Brief
For the listing that follows, give again exactly the lines from the one with "Baharat ve otlarla" to the one with "رئيس بوركينا فاسو", including both.

Supplied records

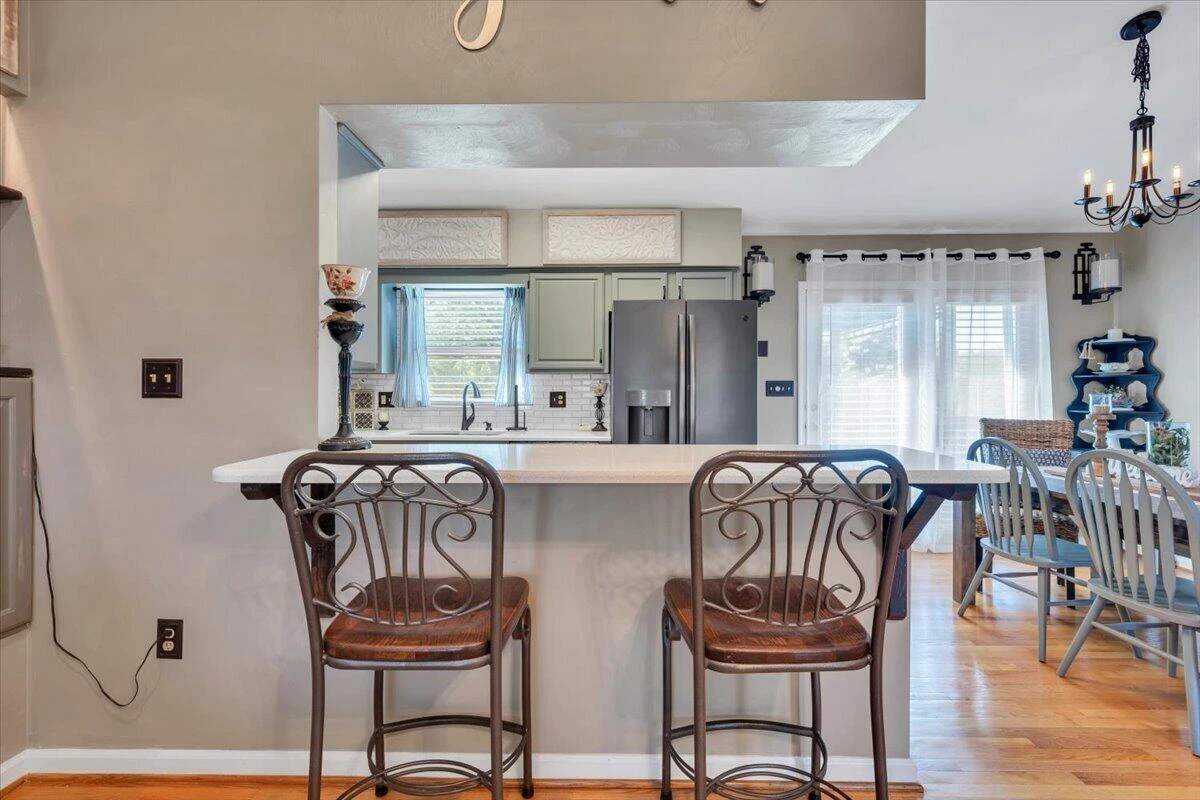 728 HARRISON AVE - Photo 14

---

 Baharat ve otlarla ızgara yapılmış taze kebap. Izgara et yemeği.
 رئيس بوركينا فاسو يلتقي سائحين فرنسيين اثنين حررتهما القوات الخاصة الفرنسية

Exercise response
 Baharat ve otlarla ızgara yapılmış taze kebap. Izgara et yemeği.
 رئيس بوركينا فاسو يلتقي سائحين فرنسيين اثنين حررتهما القوات الخاصة الفرنسية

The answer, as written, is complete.